City of Anaheim v. Kleppe

OPINION

CHOY, Circuit Judge:

The cities of Anaheim, Riverside, and Banning, California, (the Cities) appeal from the district court’s denial of their prayer for a preliminary injunction. We affirm.

On June 14, 1968, the Secretary of the Interior informed a meeting of various utilities considering the development of a thermal generating plant in the Four Corners region of the Southwest that the United States might be interested in acquiring an entitlement to the power generated by any new facilities as part of the then proposed Central Arizona Project (CAP). As a consequence, the Navajo-Four Corners Project Steering Committee (Steering Committee) was formed. The Steering Committee approached various public and private bodies to determine the possible interest of other utilities in the Navajo project. Having been invited, the city of Anaheim joined the Steering Committee as a study participant and attended committee meetings commencing on May 6, 1969.

The Colorado Basin Project Act, 43 U.S.C. § 1501 et seq., was signed into law on September 30, 1968. Among other things, the Act authorized the Secretary of the Interior to develop the CAP to furnish irrigation and municipal water for water-deficient areas of Arizona and western New Mexico.
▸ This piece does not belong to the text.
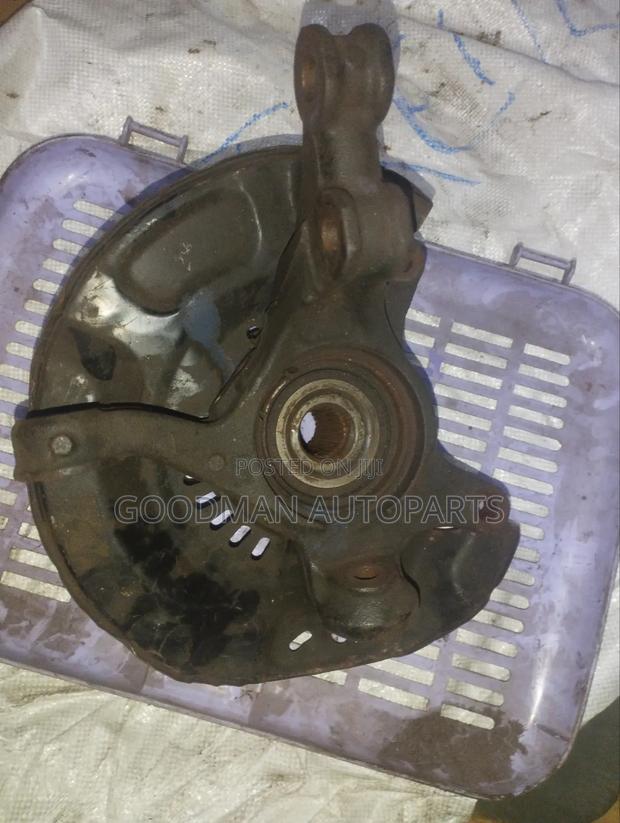 Ractis Front Hub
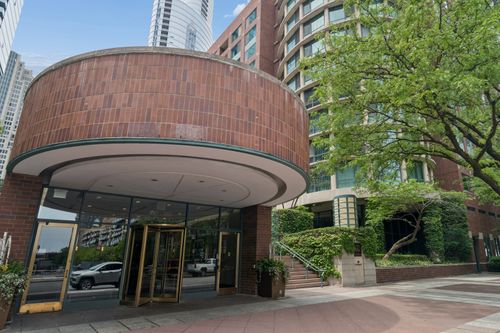 413-480 Mcclurg Ct, Chicago, IL, 60611-4329 | Card Image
See 43 U.S.C. §§ 1521-1528. Congress provided that' the Secretary could sell federal power supplies acquired for the CAP when not needed for CAP purposes. See 43 U.S.C. § 1523(b). Congress also provided that in selling excess power, preference should be given to certain purchasers:

*287[Preference shall be given to municipalities and other public corporations and agencies; and also to cooperatives and other nonprofit organizations financed in whole or in part by loans made pursuant to the Rural Electrification Act ....

43 U.S.C. § 485h(c).1 The Secretary was' required to submit his recommended plan for development of the CAP to Congress no later than September 30, 1969. 43 U.S.C. § 1523(c). However, it was not until June 20, 1969, that the Steering Committee reached the decision to construct the Navajo project.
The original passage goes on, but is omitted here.